Darth Vader incarne le fascisme triomphant ; Kylo Ren montre comment il revient. Après la chute de l’Empire, rien n’est vraiment réglé. Mythes, esthétiques et frustrations nourrissent le retour de l’autoritarisme. Star Wars rappelle une chose simple : la démocratie est fragile, et la bête immonde ne meurt jamais.

Vader, Kylo Ren et la bête immonde

L’article du webzine « Darth Vader est un facho. Et le culte autour de lui est cringe » pose une base claire et salutaire : Vader n’est pas un anti-héros tragique, ni un bad boy incompris. C’est un fasciste assumé, le bras armé d’un régime impérial autoritaire, raciste, militarisé, qui gouverne par la peur et l’écrasement de toute dissidence .

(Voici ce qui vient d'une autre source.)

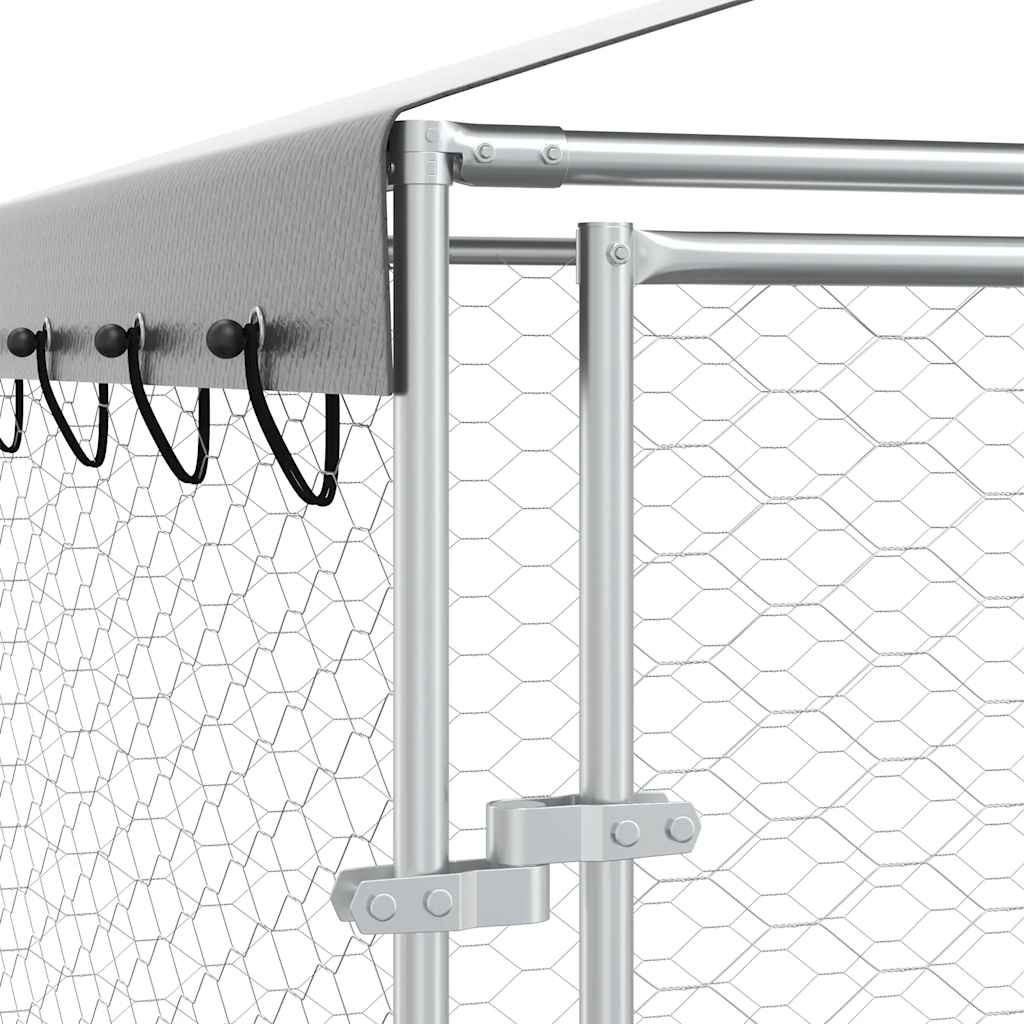 Large Galvanised Steel Dog Kennel 3x3m Roof | Simpledeals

Et surtout, l’article pointe quelque chose d’essentiel : le problème n’est pas d’analyser un méchant, mais de l’admirer. Quand l’esthétique écrase totalement le sens, quand le casque, la voix grave et la posture deviennent plus importantes que ce qu’ils représentent politiquement, on glisse vers une fascination dangereuse. Ce n’est plus du recul critique, c’est du fantasme d’ordre autoritaire. Et oui, c’est cringe.

Darth Vader est un facho.Et en plus, c’est un connard fini.

Mais Star Wars ne s’arrête pas à Vader. Et c’est là que Kylo Ren devient intéressant.

Kylo Ren n’est pas Vader. Il ne l’est jamais vraiment. Et c’est précisément le point.

Là où Vader incarne un fascisme installé, solide, structuré, Kylo Ren représente un fascisme qui revient. Un fascisme post-défaite. Un fascisme de ruines. L’Empire est tombé, la République est revenue, mais rien n’a été réellement réparé. Les injustices persistent, les institutions sont fragiles, la démocratie est bancale. Et dans ce vide, quelque chose repousse.

Kylo Ren n’est pas Vader

Kylo Ren ne porte pas un projet politique clair. Il porte une colère, une frustration, une nostalgie fantasmée. Il ne sert pas un empire puissant : il s’accroche aux restes, aux symboles, aux reliques. Il parle à un casque calciné. Il imite une posture. Il rejoue un mythe.

C’est là que la postlogie, malgré tous ses défauts, touche juste : le fascisme ne revient pas toujours sous la même forme. Il peut revenir par l’imitation, par la fétichisation du passé, par le désir d’un ordre simple et brutal face à un monde perçu comme chaotique. Pas besoin d’un empire flamboyant : il suffit de rancœur, de récits simplistes et de figures à idolâtrer.

Kylo Ren est instable, contradictoire, émotionnellement explosif. Il n’est pas fort comme Vader, il est fragile. Et c’est exactement ce qui le rend crédible. Il ressemble beaucoup plus aux dynamiques fascisantes contemporaines : moins disciplinées, plus hystériques, nourries de ressentiment et de storytelling plutôt que de doctrine solide.

C’est là que la métaphore de la « bête immonde » prend tout son sens. On peut la croire morte, enterrée sous les ruines d’un empire vaincu. Mais si on ne démonte pas ses mythes, si on continue à fantasmer la domination, la force et l’obéissance, elle finit toujours par revenir. Sous un autre masque. Plus fissuré. Mais toujours dangereuse.

Vader nous montre ce qu’est un fascisme qui a gagné. Kylo Ren nous montre comment il revient.

Vader, Kylo Ren et la bête immonde

Et Star Wars, qu’on le veuille ou non, nous rappelle une chose très simple : la démocratie est fragile. Elle ne se maintient pas toute seule. Si on se contente de faire tomber les tyrans sans déconstruire ce qui les rend désirables, quelqu’un finira toujours par remettre le casque.

Même s’il tremble.
Même s’il est brisé.
Même s’il n’est qu’une pâle imitation.

Et c’est peut-être ça, le message le plus dérangeant de toute la saga.